Capítulo 23
Hispaniola, 1630 d. de J. C. Los bucaneros improvisaron nuevas torturas utilizando los materiales que tenían a mano. Un tipo de estopa para calafatear llamado oakum era altamente inflamable; podía llenarse la boca de un prisionero u otras aberturas corporales y después prenderle fuego.
Sentado junto al doctor Trebor en la pequeña habitación sofocante del depósito de Guilders Green, Mark se preguntaba si estaba experimentando el déjà vu. La investigación en marcha era familiar, como si ya anteriormente hubiera escuchado el mismo proceso.
Cosa que era cierta. Únicamente algunos días antes, él y Trebor se habían sentado en una cámara muy parecida en el Vestry Hall, y asistido a la encuesta judicial de Elizabeth Strode.
Éste —se había descubierto— había sido el auténtico nombre de Annie Fitzgerald. Liz la Larga, la primera víctima del doble acontecimiento, utilizaba un apodo, como tales otras mujeres de su mismo oficio.
Y justo antes de la hora de su muerte, tres testigos, uno de ellos un policía, atestiguaron que la habían visto hablando con un hombre en la calle Berner. Uno de ellos no se fijó en él en aquel momento, pero otro dijo que era un hombre corpulento, cubierto con un abrigo corto y una gorra redonda con visera. El policía observó que llevaba un paquete envuelto en papel de periódico de unos cuarenta y cinco centímetros de longitud y quince de ancho, y una gorra oscura de cazador.
El médico encargado concluyó que el asesino probablemente agarró a su víctima por el pañuelo del cuello, tirando de ella hacia atrás y cortándole la garganta mientras ella estaba cayendo o cuando estaba en el suelo, para evitar el chorro de sangre.
Ahora Mark estaba oyéndolo todo de nuevo. La segunda víctima también había utilizado otros nombres —Kate Kelly y Kate Conway—, pero aquí fue identificada como Catherine Eddowes.
De nuevo había un testigo; esta vez un hombre llamado Josep Lavende vio a la difunta con un forastero justo en Mitre Square poco antes de su muerte. Vio que el compañero de la mujer llevaba una gorra de paño con visera.
Los médicos estuvieron de acuerdo otra vez en que las mutilaciones fueron infligidas después de la muerte, con la víctima en el suelo para que hubieran menos posibilidades de que se mancharan las ropas del asesino con la sangre.

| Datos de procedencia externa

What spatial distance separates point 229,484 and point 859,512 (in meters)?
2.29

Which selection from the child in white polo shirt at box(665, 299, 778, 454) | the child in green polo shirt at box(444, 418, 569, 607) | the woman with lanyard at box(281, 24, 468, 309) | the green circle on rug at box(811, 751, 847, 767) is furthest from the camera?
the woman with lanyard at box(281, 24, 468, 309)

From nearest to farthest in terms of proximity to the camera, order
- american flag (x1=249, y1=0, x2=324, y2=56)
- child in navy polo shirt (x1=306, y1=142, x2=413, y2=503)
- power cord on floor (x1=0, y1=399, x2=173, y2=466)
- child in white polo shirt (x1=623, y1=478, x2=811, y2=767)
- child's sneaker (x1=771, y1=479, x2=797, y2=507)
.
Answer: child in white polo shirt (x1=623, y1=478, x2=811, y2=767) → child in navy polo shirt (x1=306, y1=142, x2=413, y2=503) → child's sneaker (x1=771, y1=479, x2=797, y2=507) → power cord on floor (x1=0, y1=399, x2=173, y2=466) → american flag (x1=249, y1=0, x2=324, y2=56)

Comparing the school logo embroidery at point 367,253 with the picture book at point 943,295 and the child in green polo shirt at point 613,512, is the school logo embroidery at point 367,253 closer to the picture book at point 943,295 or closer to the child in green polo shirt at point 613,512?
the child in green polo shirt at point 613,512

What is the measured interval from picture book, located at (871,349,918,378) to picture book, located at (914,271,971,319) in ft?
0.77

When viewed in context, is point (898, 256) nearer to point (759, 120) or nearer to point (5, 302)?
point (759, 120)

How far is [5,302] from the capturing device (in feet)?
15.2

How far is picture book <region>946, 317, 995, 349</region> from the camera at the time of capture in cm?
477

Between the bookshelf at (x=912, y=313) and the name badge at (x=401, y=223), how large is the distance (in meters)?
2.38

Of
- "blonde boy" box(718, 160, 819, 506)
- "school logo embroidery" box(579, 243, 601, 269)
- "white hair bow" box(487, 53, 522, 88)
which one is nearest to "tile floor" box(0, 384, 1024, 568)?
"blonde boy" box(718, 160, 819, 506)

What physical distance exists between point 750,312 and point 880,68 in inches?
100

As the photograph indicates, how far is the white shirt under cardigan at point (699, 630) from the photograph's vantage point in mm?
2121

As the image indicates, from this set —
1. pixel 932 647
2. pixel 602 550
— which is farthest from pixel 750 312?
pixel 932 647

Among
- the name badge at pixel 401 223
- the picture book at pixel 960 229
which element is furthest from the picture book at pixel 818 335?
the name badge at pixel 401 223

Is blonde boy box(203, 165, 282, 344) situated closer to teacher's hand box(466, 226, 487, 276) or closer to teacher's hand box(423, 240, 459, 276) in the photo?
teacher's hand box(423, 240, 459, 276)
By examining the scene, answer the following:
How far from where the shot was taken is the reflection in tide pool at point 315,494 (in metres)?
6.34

Mientras el testimonio médico proseguía, Mark tomó la decisión mental de descartar su gorra de cazador, y se preguntó si el doctor Trebor habría tomado una decisión parecida. Pero entonces se preguntó sobre muchas otras cosas respecto al anciano. Desde la noche del doble crimen no habían discutido en ningún momento la ausencia misteriosa de Trebor durante la semana anterior ni su reaparición repentina en el escenario del primer crimen. Solamente una cosa parecía segura; si Trebor había estado en la calle Berner cuando ocurrió el crimen, era imposible que estuviese involucrado en lo que había sucedido en la Mitre Square, a casi un kilómetro de distancia.

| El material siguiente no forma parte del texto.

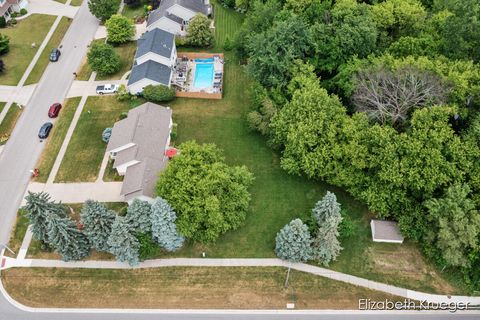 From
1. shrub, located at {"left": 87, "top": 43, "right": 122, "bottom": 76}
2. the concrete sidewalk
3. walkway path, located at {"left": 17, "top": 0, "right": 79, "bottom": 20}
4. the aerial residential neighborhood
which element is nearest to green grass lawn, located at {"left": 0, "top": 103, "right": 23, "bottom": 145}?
the aerial residential neighborhood

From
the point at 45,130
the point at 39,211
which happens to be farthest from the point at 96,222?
the point at 45,130

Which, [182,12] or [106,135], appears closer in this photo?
[106,135]

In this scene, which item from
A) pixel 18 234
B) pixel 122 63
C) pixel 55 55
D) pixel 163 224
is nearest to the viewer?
pixel 163 224

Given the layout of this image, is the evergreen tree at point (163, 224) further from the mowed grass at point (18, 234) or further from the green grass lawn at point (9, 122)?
the green grass lawn at point (9, 122)

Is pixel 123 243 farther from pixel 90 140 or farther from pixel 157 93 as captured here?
pixel 157 93

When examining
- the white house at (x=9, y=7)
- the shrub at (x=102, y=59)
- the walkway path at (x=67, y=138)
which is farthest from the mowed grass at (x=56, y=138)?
the white house at (x=9, y=7)

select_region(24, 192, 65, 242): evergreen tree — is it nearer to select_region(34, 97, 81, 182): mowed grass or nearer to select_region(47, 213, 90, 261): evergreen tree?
select_region(47, 213, 90, 261): evergreen tree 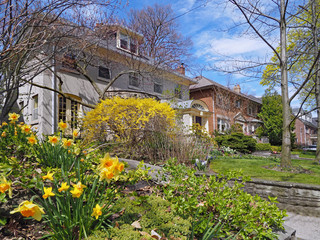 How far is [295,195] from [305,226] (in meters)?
0.62

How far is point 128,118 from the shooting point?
6.09 meters

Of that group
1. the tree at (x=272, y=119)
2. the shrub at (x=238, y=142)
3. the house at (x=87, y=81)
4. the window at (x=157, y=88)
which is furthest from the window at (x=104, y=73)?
the tree at (x=272, y=119)

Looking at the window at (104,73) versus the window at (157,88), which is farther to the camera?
the window at (157,88)

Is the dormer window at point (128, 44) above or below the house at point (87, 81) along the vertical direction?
above

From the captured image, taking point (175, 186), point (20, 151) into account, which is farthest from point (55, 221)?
point (20, 151)

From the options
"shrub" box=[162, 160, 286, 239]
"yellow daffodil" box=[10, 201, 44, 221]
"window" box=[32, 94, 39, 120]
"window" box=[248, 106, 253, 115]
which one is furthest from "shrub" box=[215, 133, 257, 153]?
"window" box=[248, 106, 253, 115]

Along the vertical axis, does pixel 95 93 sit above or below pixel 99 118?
above

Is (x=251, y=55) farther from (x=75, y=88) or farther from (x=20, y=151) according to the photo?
(x=75, y=88)

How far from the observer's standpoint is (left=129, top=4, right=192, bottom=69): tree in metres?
13.7

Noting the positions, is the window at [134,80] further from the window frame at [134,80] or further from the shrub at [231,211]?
the shrub at [231,211]

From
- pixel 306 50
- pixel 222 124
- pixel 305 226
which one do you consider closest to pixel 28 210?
pixel 305 226

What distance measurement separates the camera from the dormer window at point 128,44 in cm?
1415

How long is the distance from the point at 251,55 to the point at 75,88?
29.0 feet

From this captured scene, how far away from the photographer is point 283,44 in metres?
6.43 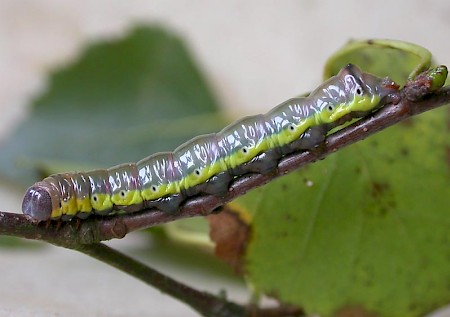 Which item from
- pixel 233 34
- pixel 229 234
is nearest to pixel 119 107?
pixel 233 34

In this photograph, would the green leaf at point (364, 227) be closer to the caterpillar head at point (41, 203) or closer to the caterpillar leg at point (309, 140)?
the caterpillar leg at point (309, 140)

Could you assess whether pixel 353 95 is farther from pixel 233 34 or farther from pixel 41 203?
pixel 233 34

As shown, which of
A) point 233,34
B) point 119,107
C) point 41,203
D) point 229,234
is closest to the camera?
point 41,203

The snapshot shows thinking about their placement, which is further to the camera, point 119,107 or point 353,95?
point 119,107

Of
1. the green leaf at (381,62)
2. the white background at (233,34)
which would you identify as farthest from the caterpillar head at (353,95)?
the white background at (233,34)

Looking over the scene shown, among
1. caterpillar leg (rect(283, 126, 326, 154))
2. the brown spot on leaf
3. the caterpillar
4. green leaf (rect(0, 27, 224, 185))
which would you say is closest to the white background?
green leaf (rect(0, 27, 224, 185))

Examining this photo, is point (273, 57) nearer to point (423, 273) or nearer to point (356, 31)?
point (356, 31) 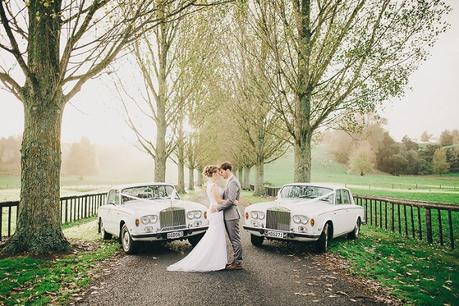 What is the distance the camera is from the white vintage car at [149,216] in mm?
7789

Pero ¿sabía eso el inspector Abberline?
Mark echó una ojeada hacia la figura corpulenta sentada a su derecha al final de la fila. Abberline le ignoraba: parecía totalmente absorto escuchando al doctor Brown, el cirujano de la Policía, mientras éste respondía a las preguntas de Mr. Crawford.
—Creo que usted encontró a faltar ciertas partes del cuerpo —decía Crawford.

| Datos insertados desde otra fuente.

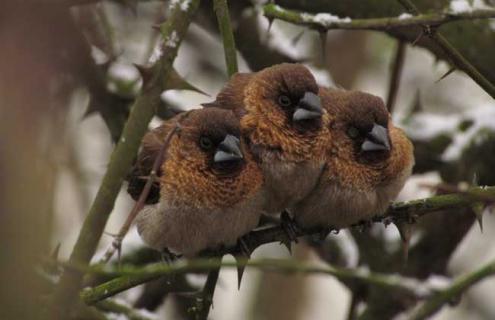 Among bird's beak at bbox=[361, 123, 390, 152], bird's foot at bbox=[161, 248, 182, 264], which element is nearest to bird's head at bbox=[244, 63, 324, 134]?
bird's beak at bbox=[361, 123, 390, 152]

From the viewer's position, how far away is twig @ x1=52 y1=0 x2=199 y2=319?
2547mm

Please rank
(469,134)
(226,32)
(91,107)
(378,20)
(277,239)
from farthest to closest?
(469,134)
(91,107)
(226,32)
(277,239)
(378,20)

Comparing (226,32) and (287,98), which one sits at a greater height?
(226,32)

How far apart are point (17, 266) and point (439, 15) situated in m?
2.00

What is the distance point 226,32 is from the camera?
405 cm

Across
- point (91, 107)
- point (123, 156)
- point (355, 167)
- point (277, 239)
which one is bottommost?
point (91, 107)

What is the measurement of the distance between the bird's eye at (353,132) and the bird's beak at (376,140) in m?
0.05

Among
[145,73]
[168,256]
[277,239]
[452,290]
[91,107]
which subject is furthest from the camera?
[91,107]

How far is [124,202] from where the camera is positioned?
8.65 m

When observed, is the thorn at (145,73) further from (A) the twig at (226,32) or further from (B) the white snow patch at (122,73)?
(B) the white snow patch at (122,73)

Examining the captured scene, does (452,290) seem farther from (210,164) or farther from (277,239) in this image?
(210,164)

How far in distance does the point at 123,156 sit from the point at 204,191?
1392 mm

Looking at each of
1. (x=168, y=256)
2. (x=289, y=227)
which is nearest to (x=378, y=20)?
(x=289, y=227)

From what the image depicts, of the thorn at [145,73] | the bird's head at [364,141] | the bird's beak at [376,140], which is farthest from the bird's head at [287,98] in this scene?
the thorn at [145,73] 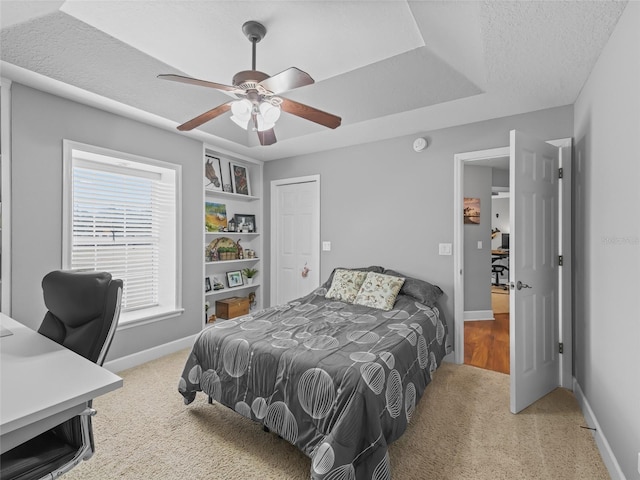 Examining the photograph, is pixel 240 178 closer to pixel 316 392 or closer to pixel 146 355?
pixel 146 355

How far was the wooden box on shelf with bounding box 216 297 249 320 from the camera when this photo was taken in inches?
161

—Sí. —El doctor Brown consultó sus botas—. Le habían quitado el útero a excepción de un pequeño fragmento, y el riñón izquierdo también se lo habían cortado y quitado. Ambos órganos faltaban y no han sido encontrados.
Por encima, de los murmullos del jurado, Mr. Crawford continuó:
—¿Diría usted que la persona que hizo esas heridas poseía gran habilidad anatómica?
El doctor Brown asintió.
—Ha de conocer muy bien la posición de los órganos abdominales y la manera de extraerlos. El modo como fue cortado el riñón demostraba que lo había hecho alguien que sabía lo que se hacía.
Mark se puso rígido. Con el rabillo del ojo vio que la cabeza de Abberline giraba ligeramente; ahora el inspector estaba mirándolos directamente a él y al doctor Trebor.
Y cuando la encuesta judicial concluyó seguía mirándolos fijamente. El veredicto del juez fue sencillo:
—Muerte provocada por persona desconocida.
Pero la mirada en los ojos del inspector produjo en Mark el inquietante presentimiento de que Abberline no estaba de acuerdo.